Reza de Wet’s grimly witty one-act play has the feel of an Afrikaner fairy-tale as told to Ray Bradbury. Set in rural South Africa in 1936, it shares the American writer’s fondness for circuses as emblems of the grotesque unknown; of sexual awakening. It’s the night the circus comes to town, but mother and daughter stay home sewing sacks for dung, while father lives unseen in the attic. The sense of archetypes at play is heightened when local spinster Gertie comes over, not wanting to be home alone – local girls have vanished, barefoot in their confirmation dresses. And then the blind policeman arrives.

Odd stuff – but Derek Goldby’s astute production gets the tone absolutely right, anchoring the fantastical elements of de Wet’s script (translated from Afrikaans by Steven stead) in a vividly oppressive atmosphere. Kim Beresford’s set – all wood and corrugated iron – and Richard Williamson’s dim lighting draw us into this world of casual horror and dark jokes.

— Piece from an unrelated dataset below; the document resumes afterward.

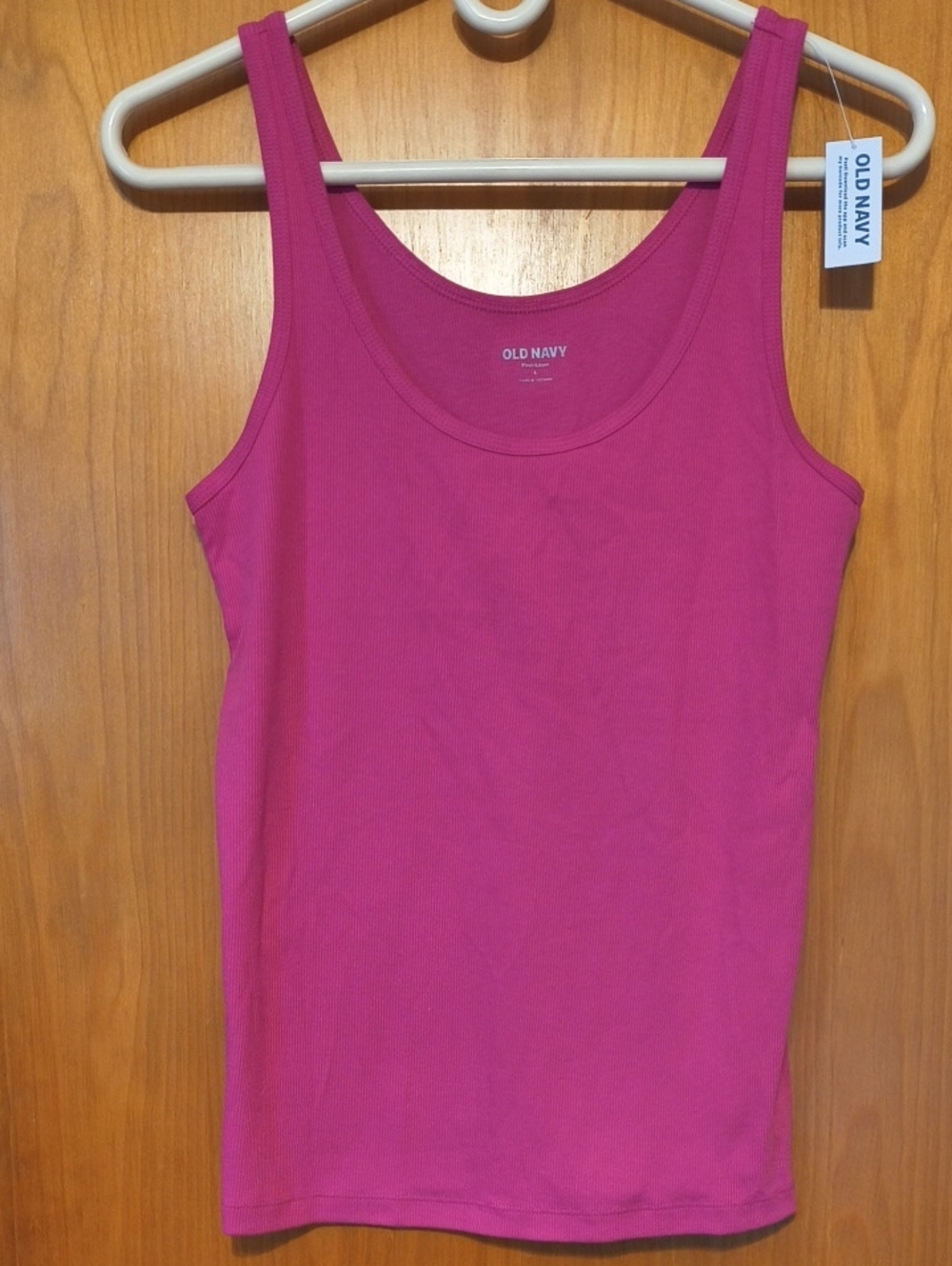 Old Navy Women's Magenta Ribbed Tank Top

Bernadette Shortt and Josephine Myddelton earth the show with their mighty matriarch and ground-down adolescent respectively, while Charmian May is beautifully bizarre as Gertie. But it’s Costa Milton’s poised performance as the constable that binds the production. Impassive yet engaged, he embodies the contrary spirit of a show that is demanding yet rewarding as it blends the magical with the mundane.